Saturday, July 24, 2010

A Sermon for the Ninth Sunday after Pentecost

The Ninth Sunday after Pentecost
July 25, 2010
Luke 11:1-13

Almighty God, the breeze of your love and grace is ever blowing; may our hearts be lifted by that breeze, and may it inspire these words and those who hear them. Amen

Do you remember how you learned to pray? Perhaps it was as a child, learning to say grace before meals: “God is great, God is good, now we thank God for our food…” or prayers before bed: “Now I lay me down to sleep, I pray the Lord my soul to keep…” Perhaps you learned to pray the rosary, or maybe you memorized the confession and the Lord’s Prayer in confirmation class. If you were raised in the Episcopal Church, as I was, the words of the liturgy may have seeped into your consciousness, “we acknowledge and bewail our manifest sins and wickedness which we from time to time have most grievously committed,” whether you understood them or not. Or if you grew up in a family where church going and prayer were not part of your routine, your first prayers might have been born out of desperation, “Help me, God,” or “Take care of her God,” or even, “I’m sorry, God!” or from a heart overflowing with relief and love, “Thank God he’s okay!”

Prayer is one the most elemental parts of our lives as people of faith. In our corporate worship we join in prayers to praise God and to ask God’s blessings for ourselves and others. As a parish we regularly pray for forgiveness, for healing, for strength, for patience. In our private prayers we ask for guidance, for God’s presence in our lives and for help in living as God would have us live.

As fundamental as it is to our lives though, in many ways, there is nothing harder than prayer. It’s often described simply as “talking with God,” which seems easy enough, right? But prayer requires us to open ourselves up, to bare our souls to God, and to let go of our need to be in control. At times, rather than being a source of peace and comfort, prayer can raise our anxiety levels. We wonder if we are praying enough, if we are we doing it “right”. We wonder what should we pray for and what it means when our prayers aren’t answered or at least not answered as we’d like them to be. We wonder if prayer still matters.

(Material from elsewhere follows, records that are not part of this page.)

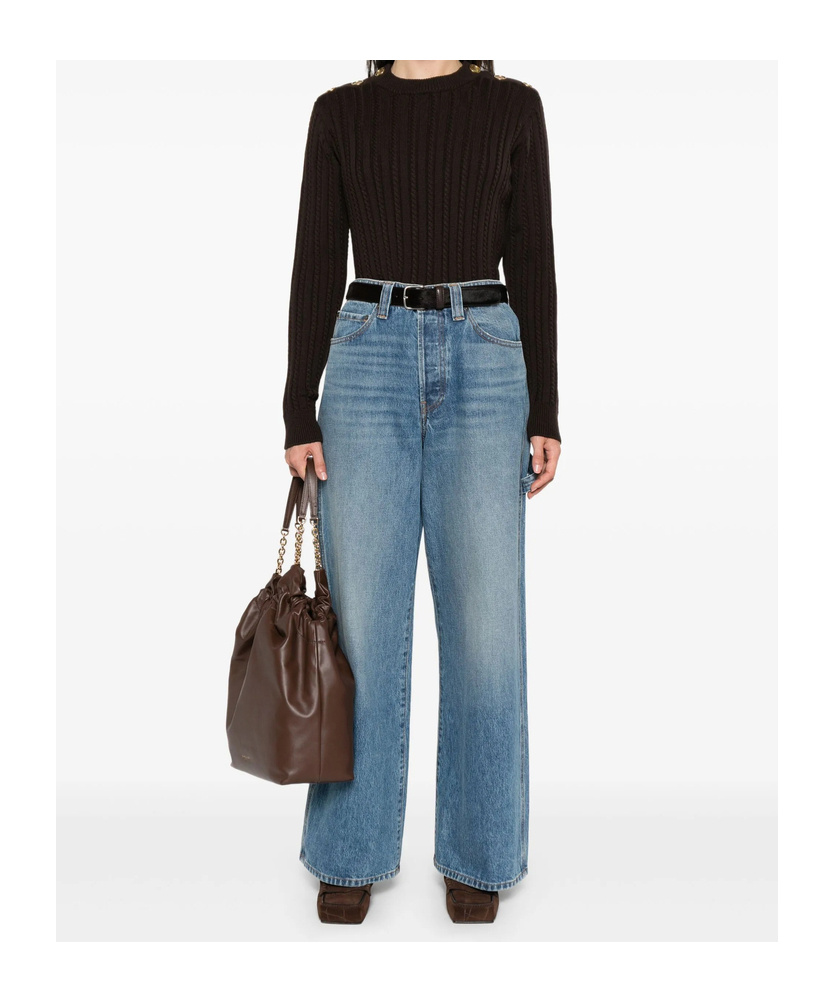 Golden Goose Brown Wool Blend Sweater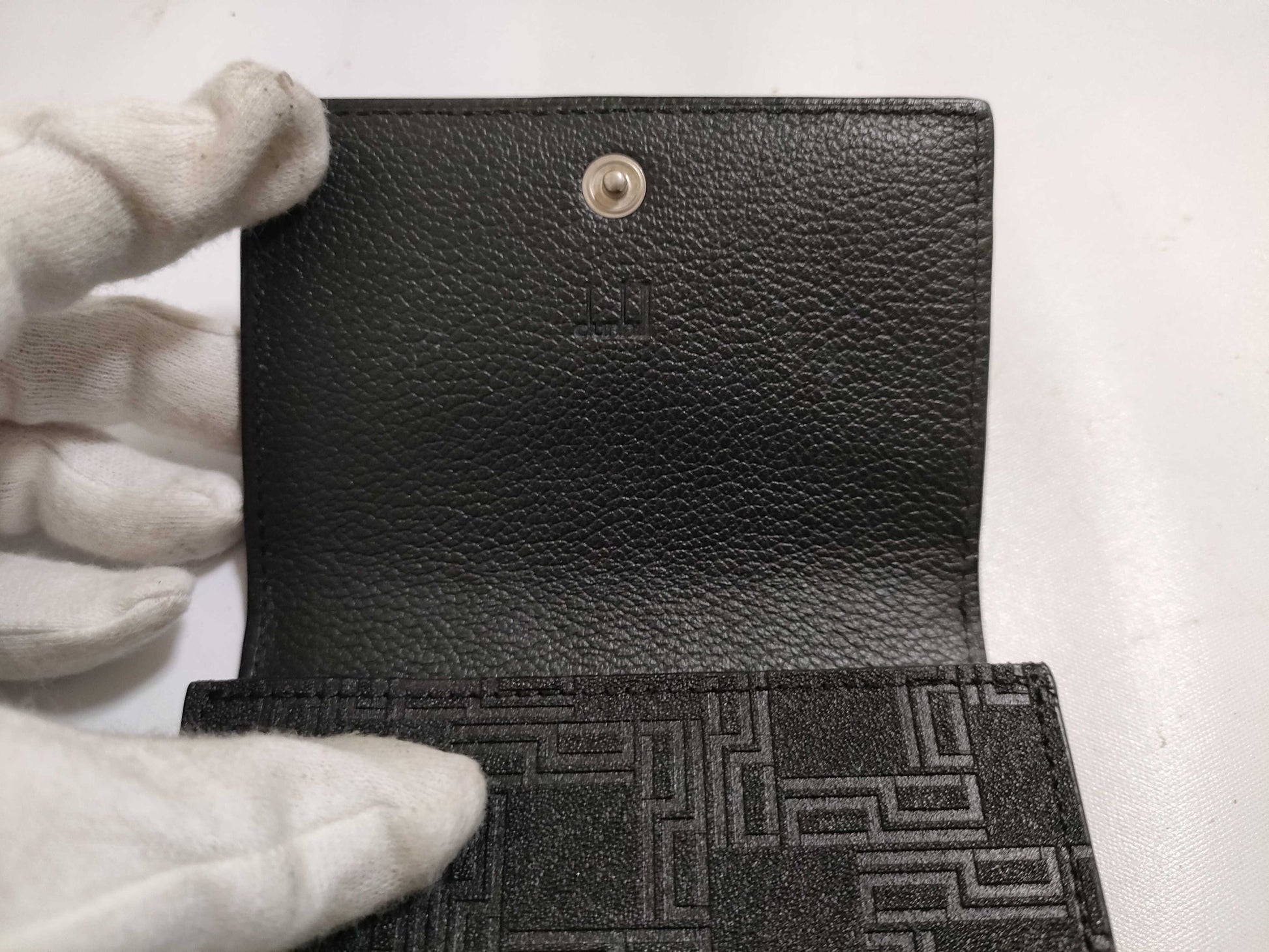 Dunhill Leather Patterned Card Case, Card Case, Pass Case, Business Card Case
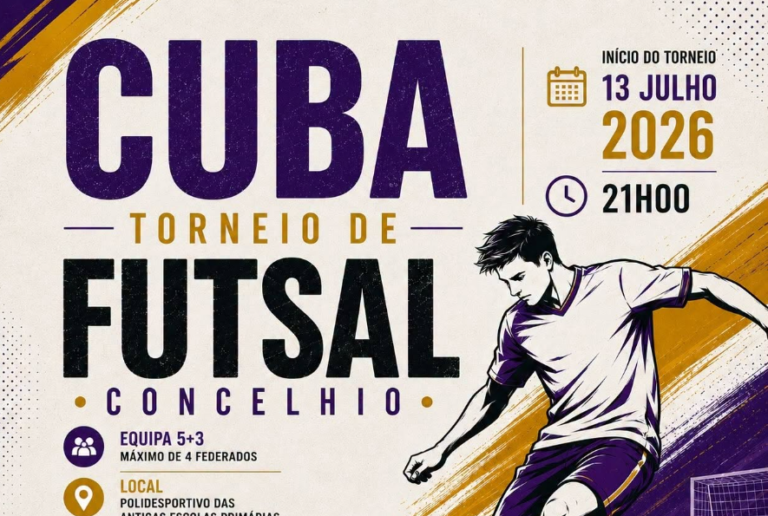 Torneio de Futsal Concelhio de Cuba arranca a 13 de julho com inscrições abertas até dia 10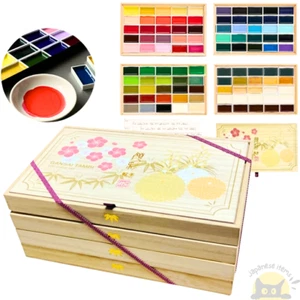 Kuretake Gansai Tambi 100 Color Watercolor Set Limited Edition Japan MC20/100WD3 - Picture 1 of 12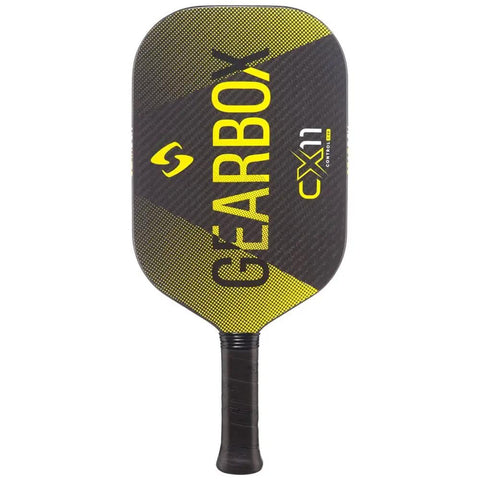 CX11E Control Pickleball Paddle With Carbon Fiber Frame, 7.8 Oz, Yellow Finish, Lightweight Handle For Precise Control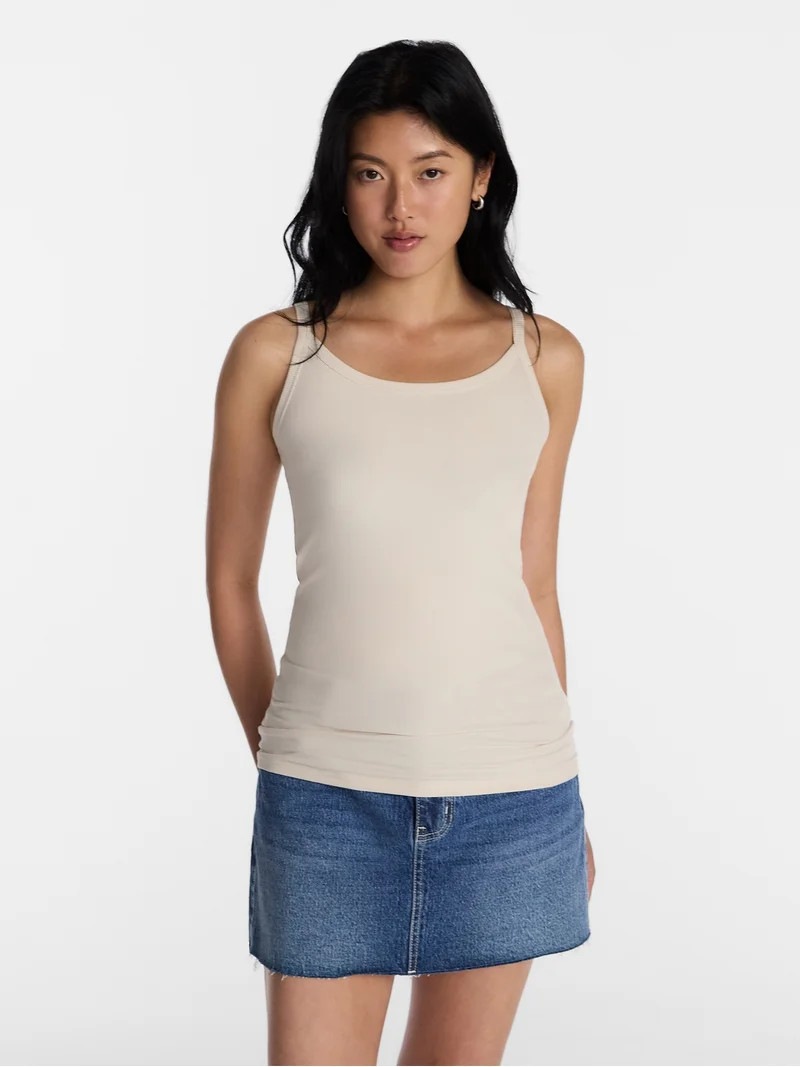 No Boundaries Ribbed Cami Top, Women's XXS-XXL | Walmart (US)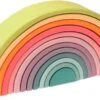Grimm's Großer Regenbogen Aus Holz Pastell - 12-teilig -Trixie Verkäufe grimm s grosser regenbogen aus holz pastell 12 teilig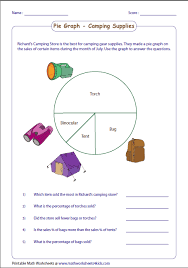 Data Interpretation Basic Percent Pie Graph Letter G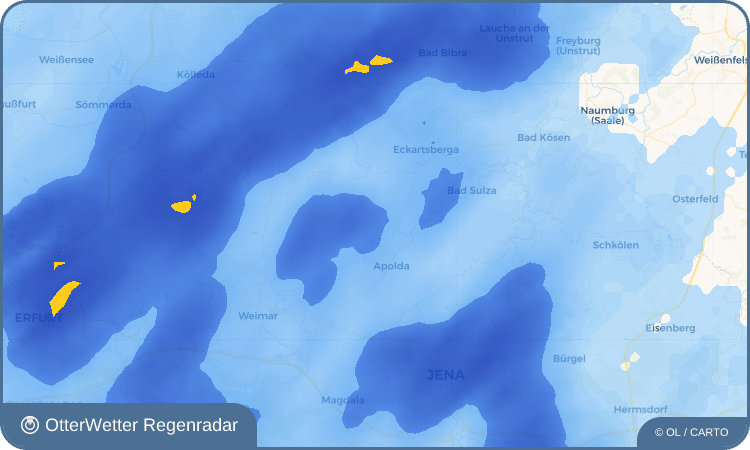 OtterWetter Regenradar-Widget Zottelstedt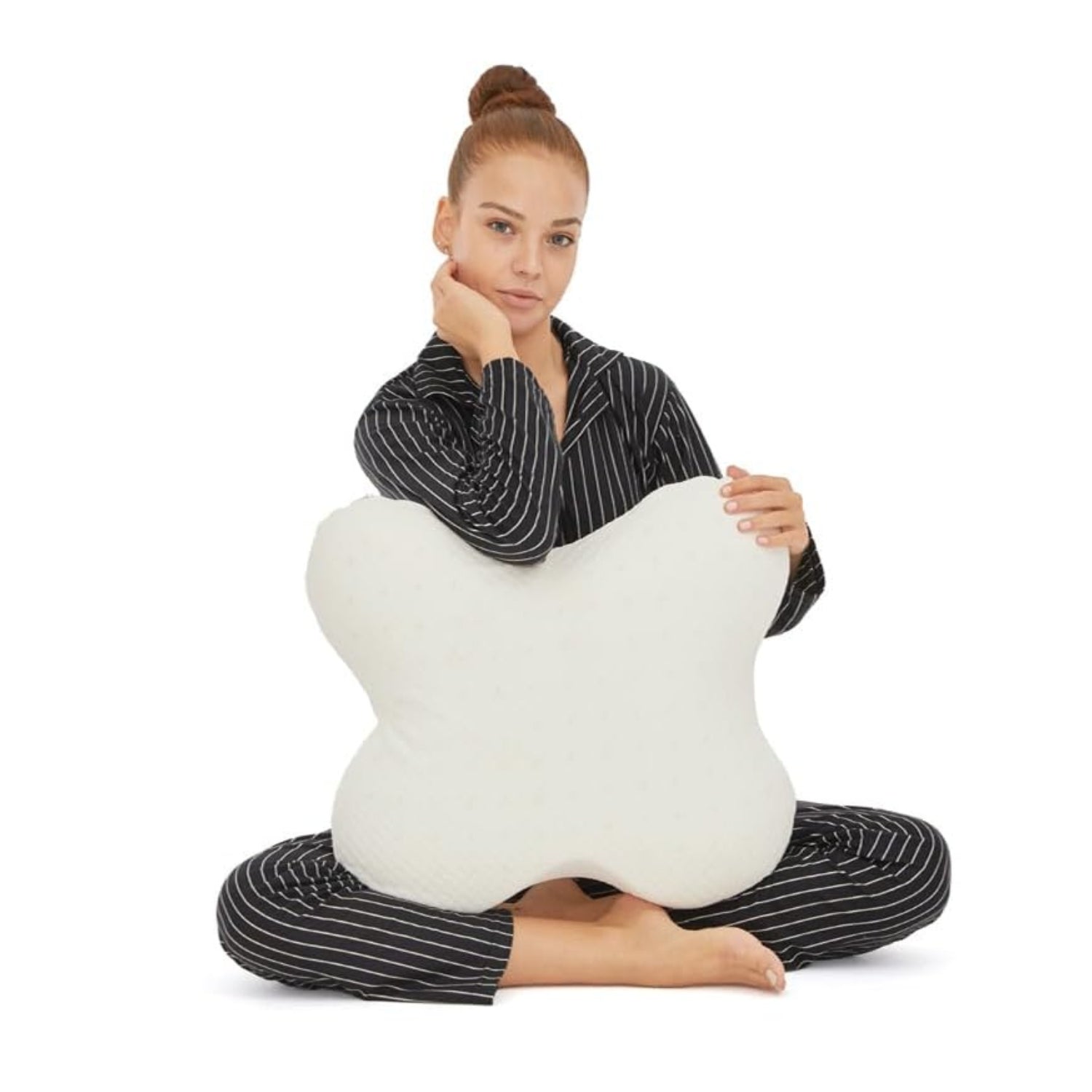 Schmetterling Kopfkissen - Orthopädisches Kissen - 57x45x13cm - gegen Nackenschmerzen - Visco Memory Foam – NY3-03K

20th century preacher George Buttrick captures our ambivalence about prayer when he writes, “If God is not, and the life of man poor, solitary, nasty, brutish and short, prayer is the veriest self-deceit. If God is, yet is known only as vague rumor and dark coercion, prayer is whimpering folly; it were nobler to die. But if God is in some deep and eternal sense like Jesus, friendship with Him is our first concern, [our]worthiest art, [our] best resource and sublimest joy.”[1]

In today’s gospel we get Jesus’ own take on prayer. Throughout the gospel of Luke we find Jesus praying: he withdrew to deserted places or to mountaintops to pray, he prayed before he called his disciples and when he fed the five thousand; he prayed in the garden before his arrest, and from the cross. Prayer was an integral part of Jesus’ life, and his disciples had witnessed this as they traveled with him.

Of course, as religious Jews, his disciples were no strangers to prayer themselves. No doubt they began their days with the shema, “Hear O Israel, the Lord is our God, the Lord is One,” blessed their food before eating, and prayed before they fell asleep at night. And yet, in watching Jesus immerse himself in prayer, they saw or felt or sensed that there might be yet more to know and so they ask Jesus, “Lord, teach us to pray.”

Jesus replies with a prayer that is simple, straightforward, and covers all the basics—in a way a template for how to pray in general. The strength of this prayer is testified to by its persistence through the ages. In this prayer Jesus gives us a vocabulary, words to address God—Father he said, but we might just as well say Mother or Parent—the point is that we are to address God intimately, as one with whom we are in relationship, as one who loves us as a parent loves a child, indiscriminately and unconditionally. And then, hallowed: holy, sanctified be your name; your kingdom come. In the ancient world, where God’s name was too holy to be uttered, this invocation envisions God’s power and dominion in a world that then, as now, must often have felt out of control.

It is only after our relationship with God and God’s dominion in the world are acknowledged, Jesus tells us in this prayer, that we are to petition God to meet our needs. And in those petitions—which are corporate “we” not individual “I” we ask for the essentials, for those things we need to sustain life: food for the journey, forgiveness for our sins—those thing which take us away from God—and notice this: that forgiveness is hinged on our forgiveness of those indebted to us; and finally faithfulness—let us not be put to the test O God, because we surely will fall short.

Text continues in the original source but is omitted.